_WHAT TO DO_
Of all the lines in the entries below, give again exactly those starting at the line containing "20 Baby Animals" and ending at the line containing "CHARM CUFF BRACELET", both ends included, and no others.

_LISTED RECORDS_
◆ ◆ ◆ ◆ ◆

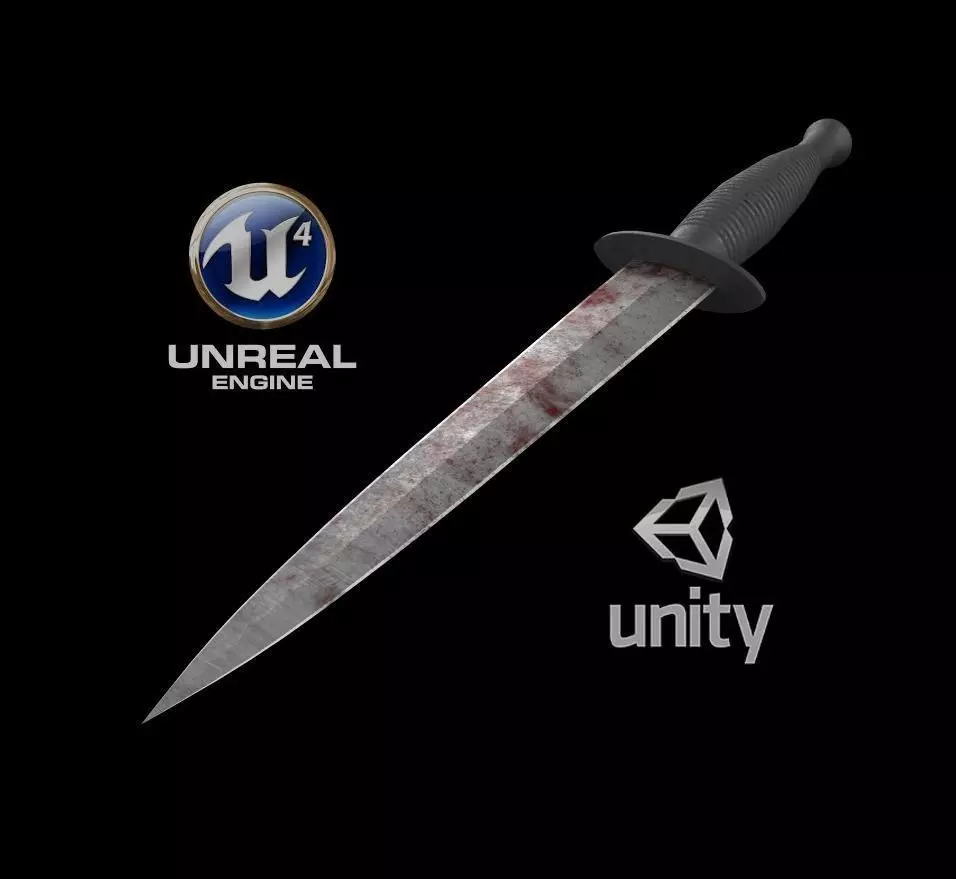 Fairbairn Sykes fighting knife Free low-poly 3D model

◆ ◆ ◆ ◆ ◆

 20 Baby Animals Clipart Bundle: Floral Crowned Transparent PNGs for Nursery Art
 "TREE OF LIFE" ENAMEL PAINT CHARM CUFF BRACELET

◆ ◆ ◆ ◆ ◆

_ANSWER SPACE_
 20 Baby Animals Clipart Bundle: Floral Crowned Transparent PNGs for Nursery Art
 "TREE OF LIFE" ENAMEL PAINT CHARM CUFF BRACELET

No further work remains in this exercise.